Unfortunately, most of our universities offer courses and degrees that look good on your resume but don't guarantee a spot in the real world. This is clearly evident from the massive student debt that is impossible to repay. It’s a sad and rather unfortunate state of affairs, especially for patriots from the front lines like you trying to get in.
There are a few companies like Ross Perot’s who made it a point to hire from the service because he found they had among other skills, integrity, diligence, a strong work ethic and most important, reliability. Everything else could be taught!
For you starting at the ground floor may require a different approach such as face to face networking with the Emergency and Disaster Management organizations you mention. These agencies have monthly, quarterly or yearly meetings you can go to. You can even offer to help the organizers as a Volunteer whether is greeting people at the door or cleaning up after the event. You will meet and connect directly with decision makers-have a bunch of your resumes handy and hand it to them personally at their events and make sure you get their business cards and send them an email reminder after a week!
They also have specific associations listed online with names and emails of directors and decision makers. Send them a resume directly. It may be a hit and miss but if you get innovative with a heartfelt cover letter, this should make all the difference.
Dear Capt. Edelman,
I am no expert in Emergency and Disaster Management; in fact, not even knowledgeable of the field. However, I have looked at a lot of resumes and cover letters in my time, and will be happy to share some thoughts with you if you want to send me a copy of what you have. For more prompt responses, please send them to my e-mail address (BSethna@yahoo.com) and please give me your e-mail address as well.
Since you are a recent graduate, have you consulted your Career Services department for advice for you resume and cover letter? They are the experts.
Beheruz N. Sethna
Professor of Marketing
Former University President
Cracking the code of resumes to get past the bots and in front of a live person is half the battle I believe. I am happy to look over your resume if you like.

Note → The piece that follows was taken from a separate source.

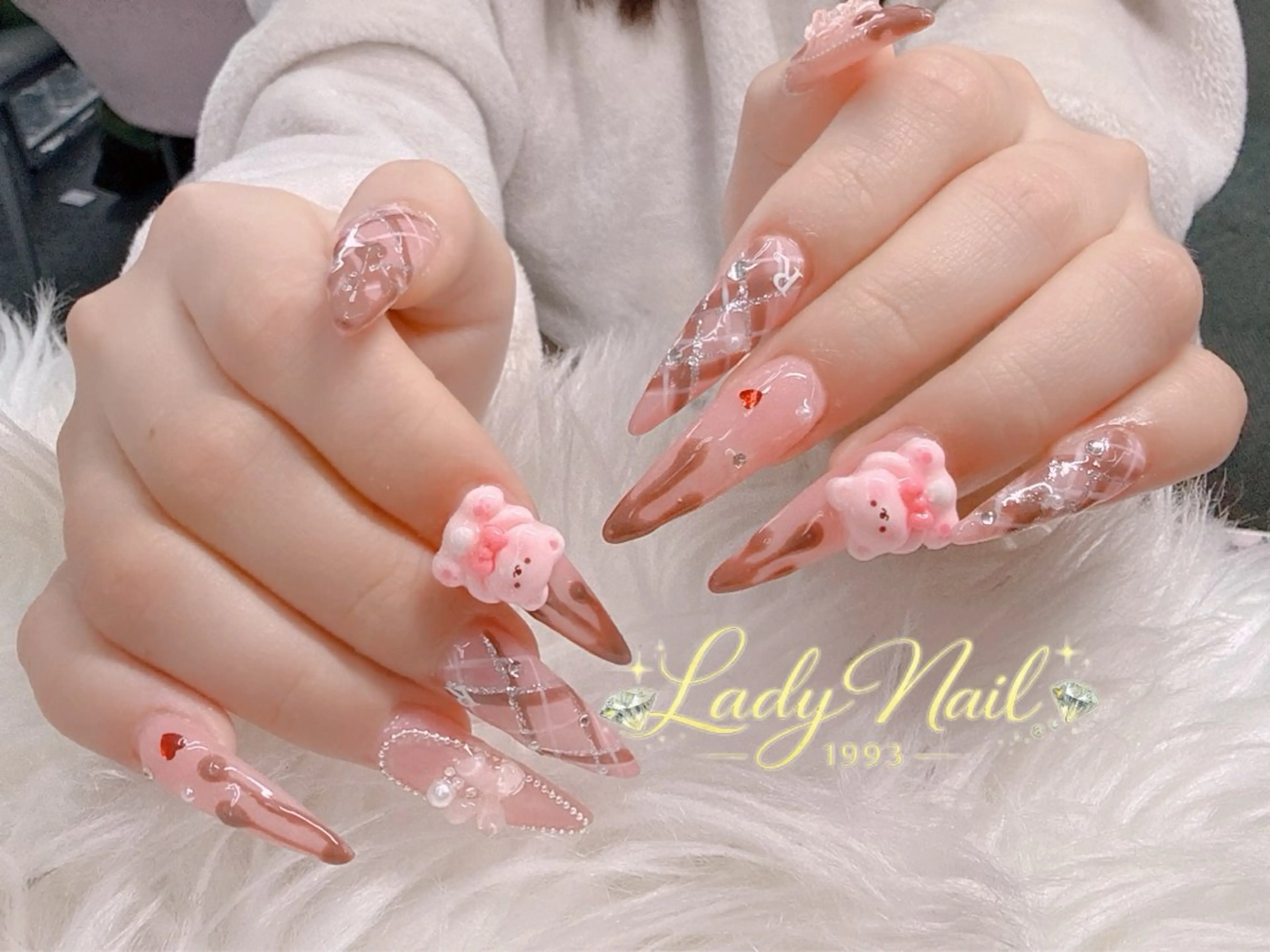 ネイル 長さ出し ワンカラーネイル シンプルネイル 春ネイル ハンドネイル Lady Nails 1993所属・タナカ フォンのネイルデザイン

Additionally most large companies have emergency response and crisis & continuity plans and sections that aid their employees and business in time of disaster. Perhaps this may be an area you would consider expanding your search and look into.
I have helped over 100 people in the past 6+ years acquire jobs within 2-4 weeks after they had spent weeks and months with no calls to set up an interview. They had the same skills and talents as before. I showed them how to market themselves better.
I spent some time in the AF Reserve as a Disaster Preparedness Officer. I know enough about your field to be very dangerous.
For free assistance, firstname.lastname@example.org.
You're getting some great advice -- but I'll add my perspective to it. Always willing to review your resume and cover letter. Plus you can find somewhat different advice in many cases in articles I've published to this site -- and many more at 212-careers.com
Fundamentally, I LIKE the idea of personal and informal interactions with those who are already established in the industry. That is sage counsel. Employment is a highly competitive task and anything that will positively differentiate you from the crowd has value.
Secondarily, I have found that in my decades of recruiting/hiring candidates, those applicants who have stood out are those who emphasize their TALENTS over their experience and education.
To me, education simply tells me that you CAN learn and have demonstrated the same with your degree. Experience tells me that you have an inkling of doing the tasks that I need to have done. But, talent tells me that you want and enjoy doing the job. That is, in theme, "people will do what you want them to do when what they do is what they want to do."
So, what do you want to do and what are your talents associated with that job? Step back, make that assessment, and use that theme as the thrust of your interactions with potential employers.